===== Information provided =====
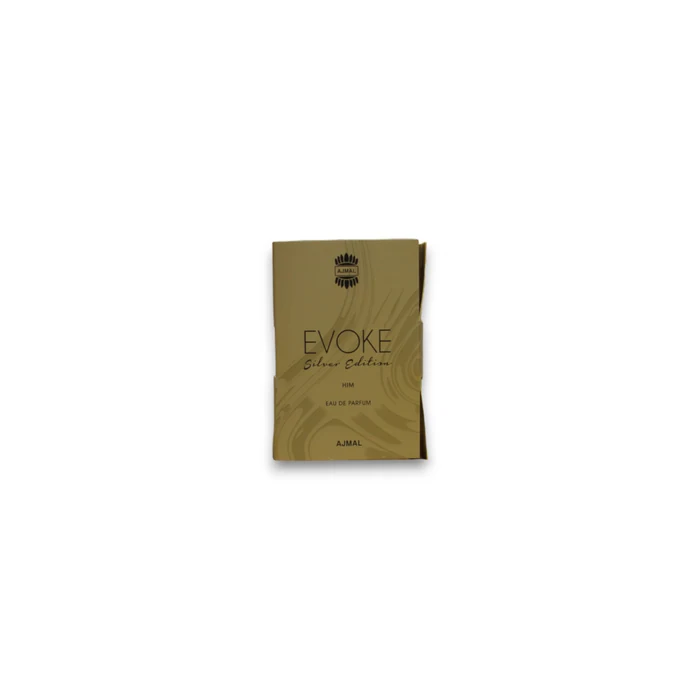 Ajmal Evoke Silver – Probe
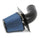 Ford Mustang 5.0 Cold Air Intake Kit Fenderwell Style Blackout 86-93 - BBK Performance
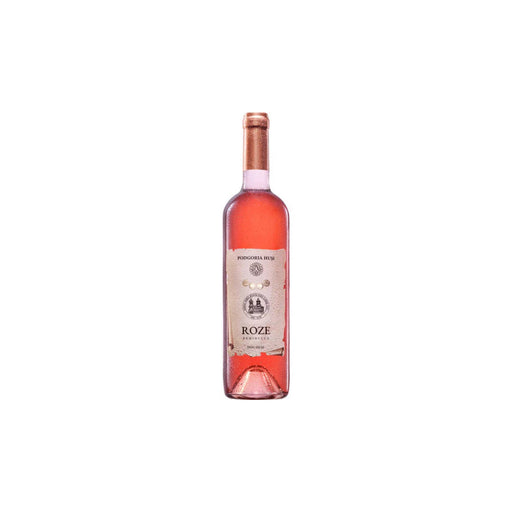 PODGORIA HUSI Vin Rose Demidulce SGR 0,75 L - WALTI WALTI
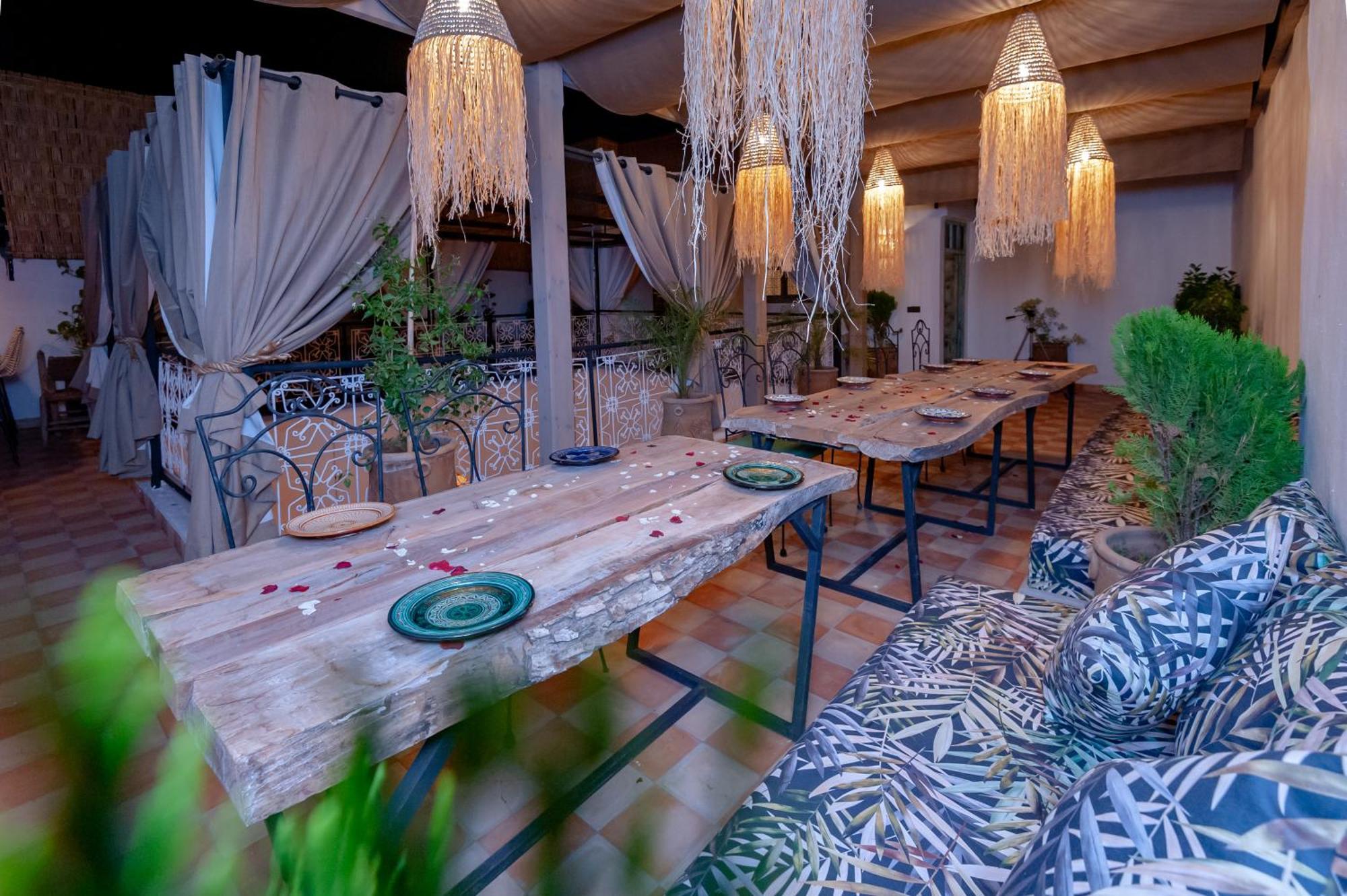Riad Bab Taghzout Marrakech Marakeş Dış mekan fotoğraf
=====
Nothing but the lines from the one containing "PODGORIA HUSI Vin" through the last line of the material may appear in the answer, transcribed exactly and with no pictures.

 PODGORIA HUSI Vin Rose Demidulce SGR 0,75 L - WALTI WALTI
Riad Bab Taghzout Marrakech Marakeş Dış mekan fotoğraf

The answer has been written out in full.